Para los habitantes de Kaktovik, en Alaska, doscientos un kilómetros más al oeste, el asteroide apareció en el cielo como una gigantesca estrella en llamas. (Pasaron ocho minutos y medio antes de que las primeras rachas de viento les alcanzaran; apenas dos minutos después, el pueblo entero había desaparecido en el mar Ártico y con él todos sus residentes.) Para los desafortunados esquimales inuit de Kay Point, emplazados directamente bajo el asteroide, había sido como si el sol de medianoche explotara. Doce segundos después, para las gentes de Fort McPherson, trescientos veintiún kilómetros más al sur, por donde el asteroide pasó a tan sólo cuarenta y un kilómetros de la superficie, fue como si ardiera el firmamento.
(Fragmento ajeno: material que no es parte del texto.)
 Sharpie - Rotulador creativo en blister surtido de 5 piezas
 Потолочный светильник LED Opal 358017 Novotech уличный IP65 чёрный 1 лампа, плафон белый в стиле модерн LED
Nadie en Fort McPherson entendía lo que estaba ocurriendo. Las noticias sobre el cambio de curso del asteroide empezaban a emitirse ahora por televisión y radio y, al no haber tiempo para recrear simulaciones por ordenador, nadie podía ni siquiera aventurarse a hacer estimaciones sobre el nuevo rumbo del asteroide o sobre dónde y cuándo impactaría contra la Tierra, si es que lo hacía. En Fort McPherson, los adultos señalaban y sus hijos daban palmas regocijados, como ante una exhibición de fuegos de artificio. Casi todos, grandes y pequeños, permanecían despiertos a pesar de lo avanzado de la hora para contemplar el asteroide. Les habían dicho que no iba a verse más que una luz brillante, como una estrella gigante, surcando el cielo a toda velocidad. Pero lo que vieron fue una montaña de fuego del tamaño de la isla de Manhattan que se desmoronaba sobre ellos y los dejaba atrás a una velocidad increíble, seguida de una estela en llamas tan luminosa como la mañana misma. Fue una visión imponente que ninguno tuvo tiempo de asimilar. Cuatro segundos después, cuando el asteroide se encontraba ya ciento seis kilómetros más al sur pero seguía claramente visible por su enorme tamaño, las gentes de Fort McPherson lo seguían contemplando atónitos al tiempo que eran engullidos desde detrás por una onda de calor de proporciones nucleares.

No tuvieron escapatoria, pero la suya fue, por lo menos, una muerte rápida. Todas las personas y objetos situados en un radio de veinticuatro kilómetros al este y al oeste de Fort McPherson fueron incinerados y reducidos a cenizas en escasos segundos. Lo que no se quemó se fundió, y todo fue barrido del lugar por la tremenda onda expansiva del asteroide, y no quedó rastro en el paisaje repentinamente baldío de los hogares, escuelas o vidas de las setecientas veinte almas llenas de vigor que allí habían vivido.